▼▼▼
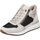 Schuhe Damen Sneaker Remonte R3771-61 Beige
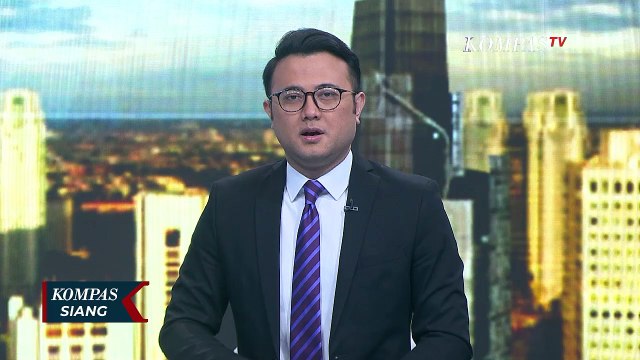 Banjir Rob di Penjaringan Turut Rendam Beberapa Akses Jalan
▲▲▲
▼▼▼
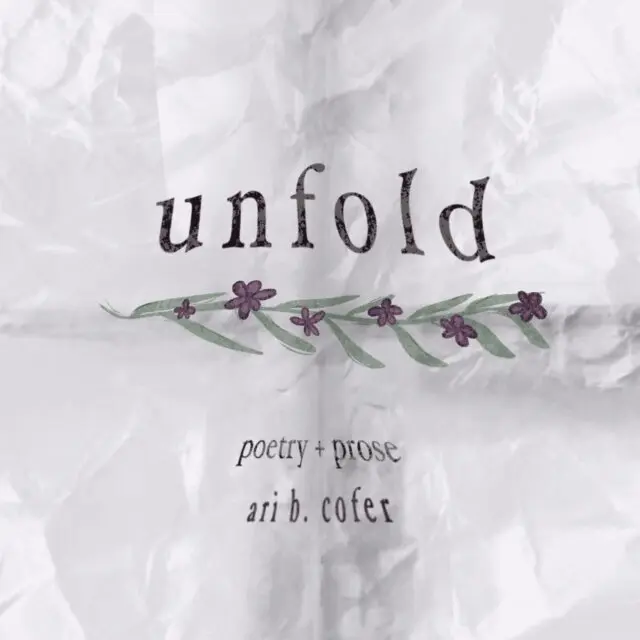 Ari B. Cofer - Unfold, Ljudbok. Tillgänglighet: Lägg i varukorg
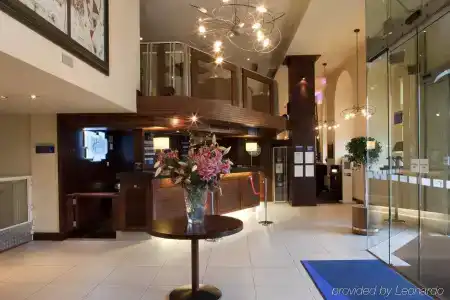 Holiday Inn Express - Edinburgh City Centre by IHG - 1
▲▲▲
• **The task**
Using the entries above, repeat exactly the lines from the one with "Schuhe Damen Sneaker Remonte R3771-61 Beige" to the one with "Banjir Rob di", both included, and leave the pictures behind.

• **The completed task**
 Schuhe Damen Sneaker Remonte R3771-61 Beige
 Banjir Rob di Penjaringan Turut Rendam Beberapa Akses Jalan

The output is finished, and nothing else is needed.